Türklerin Kürtlere saldırdığı yalanı
- Her şeyin bir hazırlığı var bugün gördüğüm iki tane hazırlık yapılıyor. Sosyal medya üzerinden ABD basını İsrail basını ve Avrupa basını üzerinden 2 önemli mesaj üzerinden gidiyorlar. Bunlardan bir tanesi Türklerin Kürtlere saldırdığı gibi büyük bir yalan, ikincisi de Türkiye’deki Suriyeliler ile ilgili durum.
"Suriyeli misafirler konusu o kadar gündemin ötesinde"
Bu iki durum maalesef ve maalesef önümüzdeki dönemin en büyük handikapları şimdi diğerini absorbe edebiliriz. Çünkü Türkiye bugüne kadar böyle bir katliam yapmadı, ama saldırı sırasında geçmişte olduğu gibi bir askeri hedef içine sivilleri doldurabilirler. Daha önce de bu tür tiyatrolar oynandı, bunu Afrin’de yapmaya çalıştılar, Anadolu Ajansı bunu hastanenin vurulmadığını anında refleks göstererek bu oyunu bozmuştu. Ama onlar da ders çıkartıyorlar, onlar da tuzaklarını daha da büyüterek gidiyorlar.

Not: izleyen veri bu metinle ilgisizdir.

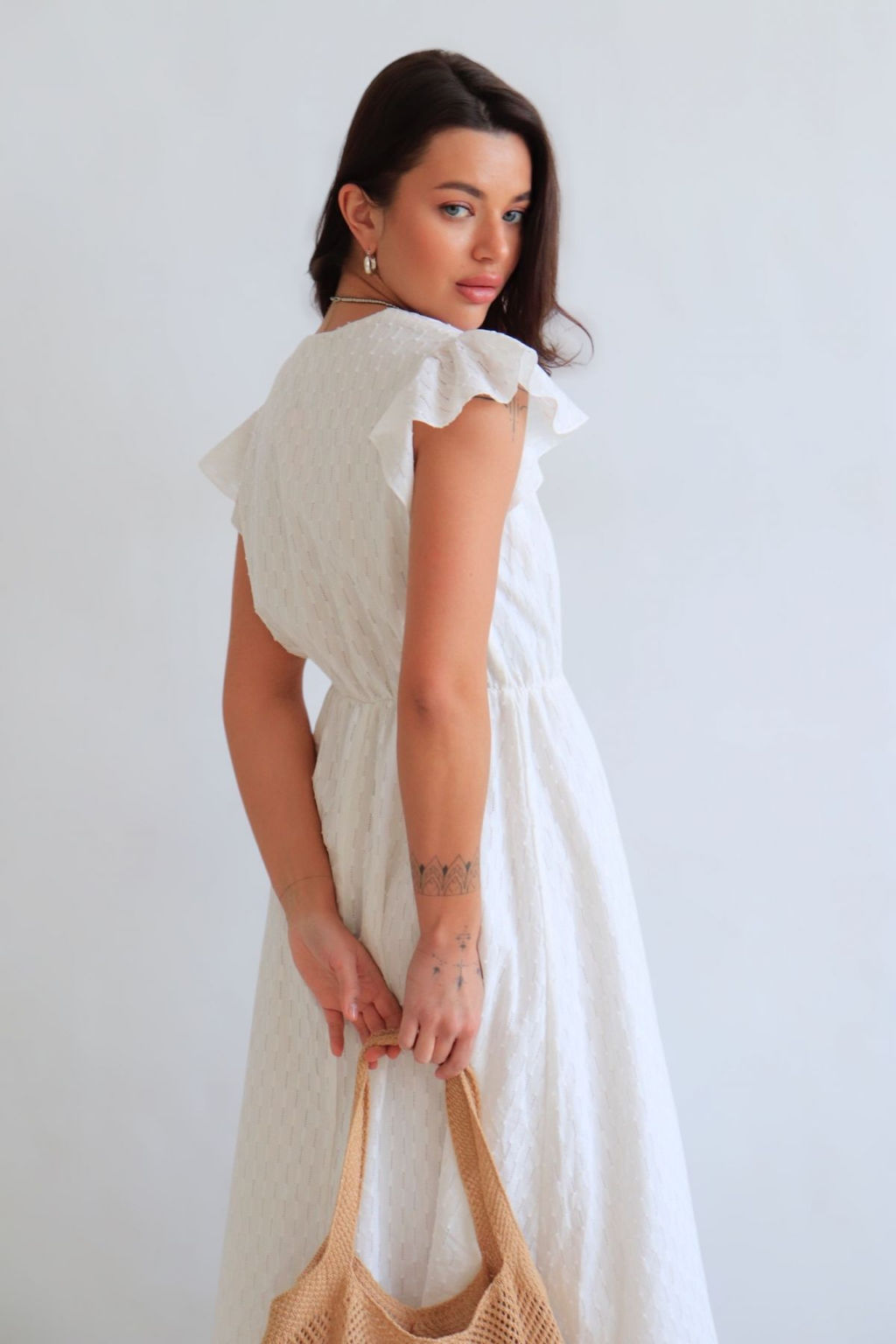 Martichelli Платье хлопковое белое  фото 8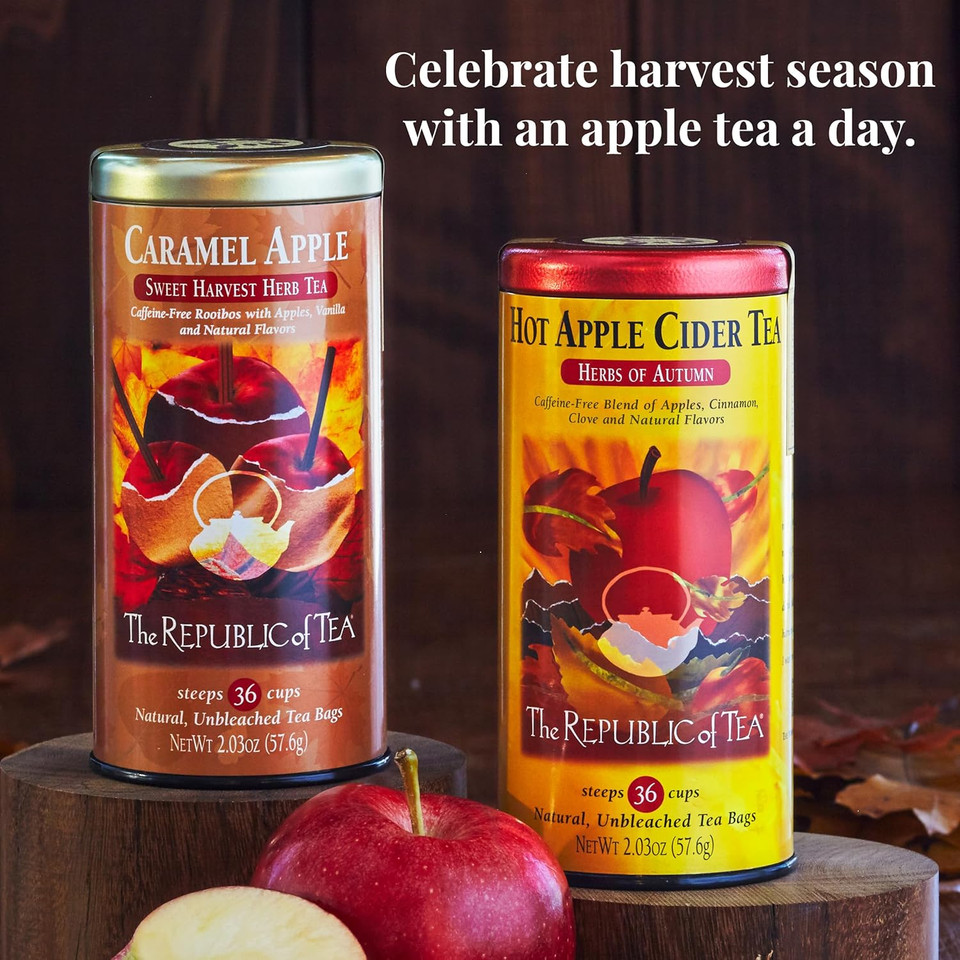 The Republic Of Tea - Mulled Apple Spice Herbal Tea Tin, 36 Tea Bags, Naturally Caffeine Free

İkincisi Türkiye’deki Suriyeli sığınmacılar, Suriyeli misafirler konusu o kadar gündemin ötesindeki, gündemin üzerine doğru çıkartılmaya çalışıldı… Özellikle bazı ilerimizde Suriye’den gelen sığınmacıların sayısı belli rakamların üzerinde. İstanbul’da ciddi bir Suriyeli misafir nüfusu var.
"Tuzak şunun üzerine kuruluyor"
Bu son dönemde yaşanan sürecin içerisinde. Türkiye, Suriyelilerin Türkiye’deki eğitim projelerine devam ediyor. İçişleri Bakanı Süleyman Soylu bu konuyla alakalı çok güzel açıklama yaptı. Ben tebrik ediyorum zamanlaması da çok önemliydi. Türkiye’ye katkıları var mı yok mu tartışmaları açıldığı dönemde önemli veriler açıkladı.
Tuzak şunun üzerine kuruluyor. Türkiye'ye gelen sığınmacıların tamamını yakını normal sığınmacı görüntüsü içinde olmayabilir. Çünkü beyan üzerine Türkiye’ye girdiler. Bu şahıslar yani insanlar evlerinden kaçtıklarında pasaportları nüfus cüzdanları falan yoktu. Çoğu sınır kapılarına geldiklerinde çocuklar ayakları çıplak olarak gelmişlerdi.
Son dönemde ısrarla hiç olmayan olaylar bu şahısların üzerine yıkılarak toplumda bir dolduruş amaçlanıyor."